Kid Paddle (1994 - en cours, Midam)

Publié le par GouxMathieu

   Le paysage culturel a bien changé, de mon enfance à maintenant, et la façon dont le jeu vidéo est considéré en témoigne. Quand j'étais plus jeune, et avant l'arrivée de la Playstation, voire peu après, il était vu comme un abrutissement, ou un divertissement de niche. On en parlait avec dédain ; Kid Paddle, pourtant, laissait voir autre chose.

 

  

   En 1994, j'avais huit ans, et j'étais déjà abonné au Journal de Spirou depuis quelques temps. La bande dessinée faisait partie de mes horizons culturels favoris, et j'apprenais beaucoup. Je jouais aussi beaucoup aux jeux vidéo, mais même dans les cours de récréation, l'activité était souvent vue comme mineure, débilitante, déviante voire ; j'ai souvent inquiété ma mère. Kid Paddle réunit ces deux mondes, et cela me plaisait.

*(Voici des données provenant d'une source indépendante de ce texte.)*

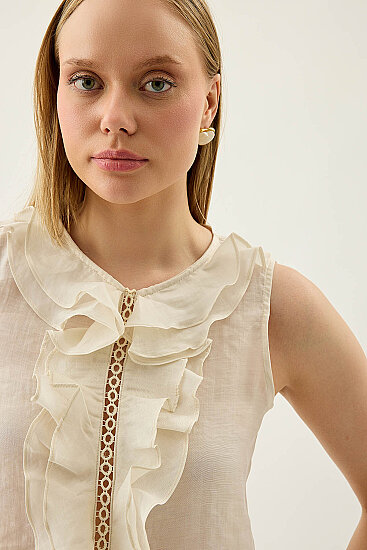 Sıfır Kol Fırfır Ve Güpür Detaylı Bluz - 3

   Au commencement, il s'agissait d'inclure dans les pages de l'hebdomadaire une pastille d'actualité, de parler d'un jeu récemment sorti et de l'illustrer avec humour. Je me souviens, encore, des histoires sur Alone in the Dark ou Goblins 3, les appels désespérés aux "hotlines" en des temps prédatant l'internet, les cheat codes, accompagnées de quelques paragraphes de "test" ou de revue.

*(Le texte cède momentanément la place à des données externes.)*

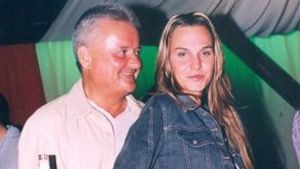 Frumoasa Anna Lesko si omul de afaceri Irinel Columbeanu, cel mai controversat cuplu al anilor ’90! De ce s-au despartit?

   Puis, progressivement, les histoires s'émancipèrent de l'actualité. Les références devinrent plus diffuses, l'univers propre à la série, les parents, l'école, les copains, la salle d'arcade, se solidifia ; aujourd'hui, on parle sans doute moins de jeux vidéo précisément que d'un esprit, d'un rapport à la technologie, d'un sentiment. Le spin-off qui naquit de la série se concentre sur un univers générique qui ressemble à un jeu vidéo, mais qui n'en est absolument pas un : l'intérêt est ailleurs.

   Je suis bien moins fan, il faut le dire, des récentes façons : je m'en suis déporté. J'avais commencé à lire, et j'aimais Kid Paddle, pour son tissage serré de deux univers culturels que j'aimais absolument, d'une façon toute nouvelle il me semble. On parlait certes parfois de jeu vidéo dans la bande dessinée, mais toujours génériquement, jamais précisément : Kid Paddle corrigeait ça, mais s'en éloigna finalement, sans doute pour gagner une notoriété nouvelle. Je ne le blâme pas.

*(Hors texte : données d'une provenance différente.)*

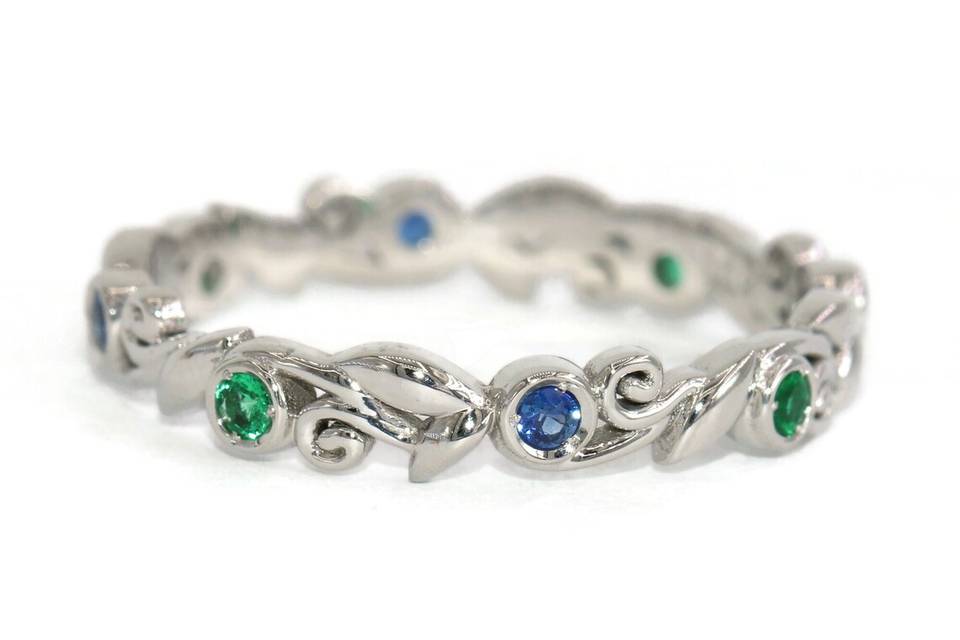 Leaf Vine Scrollwork Ring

   Je ne pense pas que Kid Paddle soit, dans l'absolu, un chef d'œuvre. Tout au plus est-il moyen, voire médiocre par endroit. Le style est très particulier, il ne m'a jamais dérangé mais pour être franc, il m'était très plaisant quand j'étais petit : je l'ai souvent imité dans mes cahiers d'écolier. Les intrigues sont simples, les chutes sont attendues, je rigole rarement en les relisant. Plutôt, c'est la connexion nostalgique qui me plaît, car je me revois découvrir ces histoires pour la première fois.

   C'est encore pour cela que je reviens à Kid Paddle. Je me souviens. Je partage l'incongruité d'utiliser une biscotte sur un casque, puis l'émietter avec un club de golf. Je revois les appels désespérés aux numéros surtaxés pour savoir comment progresser dans un jeu, ou vaincre un boss. Je me rappelle que les graphismes en trois dimensions d'Alone in the Dark, ou de Another World, étaient l'avenir. Malgré tout, malgré les âges, c'est encore le cas pour moi : le futur, c'était mieux avant.